Searching through the Federico Castellon, Ziegfeld and Dow Collections housed in the archives of the Gottesman Libraries, we found that a common ground between them: landscapes. There's no better time than the promise of summer to explore the nature of the landscape and how we relate these varying terrains.
“Composing a City” consists of selected pieces from the Teachers College Archive. These pieces, taken from the Dow, Ziegfeld, and Frederico Castellon collections, depict scenes of urban life. Urban populations contribute to a city’s aesthetic and identity by providing an eclectic combination of elements based on social, cultural, political, and economic needs. Although the elements that outline identity of a city may change, the need for organization or balance makes its landscape a composition, a concept that was spread by the former head of Teachers College art department, Arthur Dow. Dow published the influential book “Composition” in 1899, stressing harmonization by manipulating line, color, and tonal relationships within a composition. The book was not only used by Teachers College students at the turn of the 20th century, but across the nation due to the widespread influence of Teachers College, especially among American modernist painters.

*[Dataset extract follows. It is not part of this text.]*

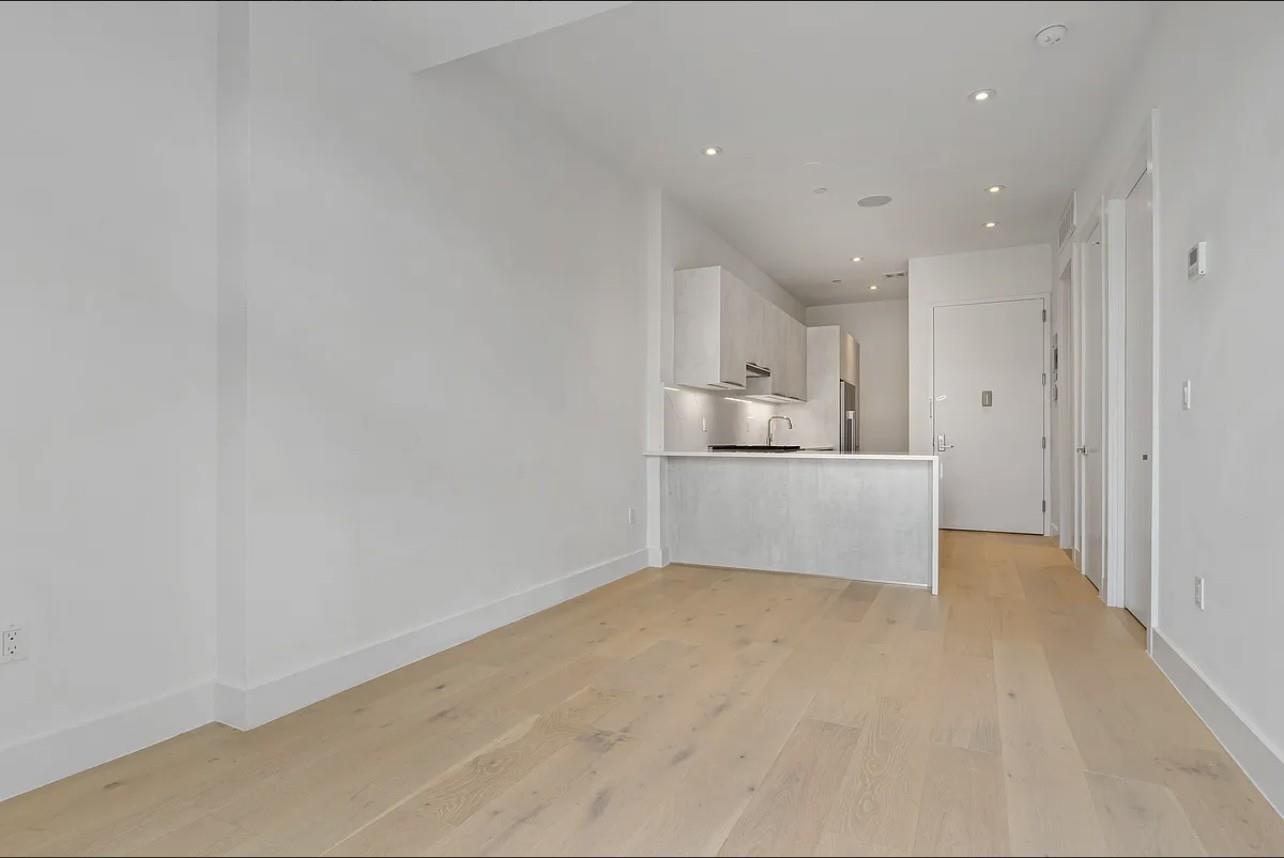 #13 photo, 1129 HALSEY Street, ブルックリン区 Bushwick , NY 11207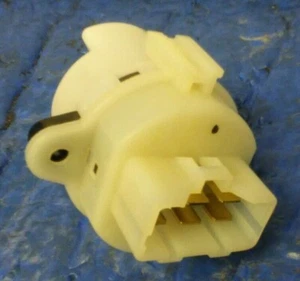 Interruptor de arranque de encendido Hyundai Santa Fe 2000-2006 fabricante de equipos originales 93110-2d000 - Imagen 1 de 4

City identities are often represented by their landscapes. Consider the iconic skylines of New York City, Chicago, or San Francisco, where each landscape contains different arrangements of line, color, and tonal representation that reflect their unique identities. Harmony within a city is represented in these compositions of landscapes, but there is more to be seen between the lines. According to Dow’s theory on composition, harmony is achieved in composition when it is counterbalanced by disharmonies. Cultural disharmonies such as low socioeconomic status can bring negative outcomes including overcrowding, lack of resources, and high mortality rates. This exhibit explores the balances, identities and relationships between landscapes and the life within.
When looking at the different artworks, think about how each artist organized and balanced certain elements to compose a landscape. Which pieces provide a sense of harmony or balance to your lifestyle and personality? What’s your landscape?
Outcome/Impact
The observation of impact is ongoing but while installing, and after, people have stopped to digest the images and ask questions about the work. In addition to people’s interest, the collaborative effort of others engaging may provoke those less likely to engage to contribute too. It seems that it makes someone's trip to the third-floor bathrooms a quest to operationalize harmony for themselves. And that short quest may inform them of what type of space, or artistic style, is conducive to maintaining harmony within the physical and metaphorical layers of a city.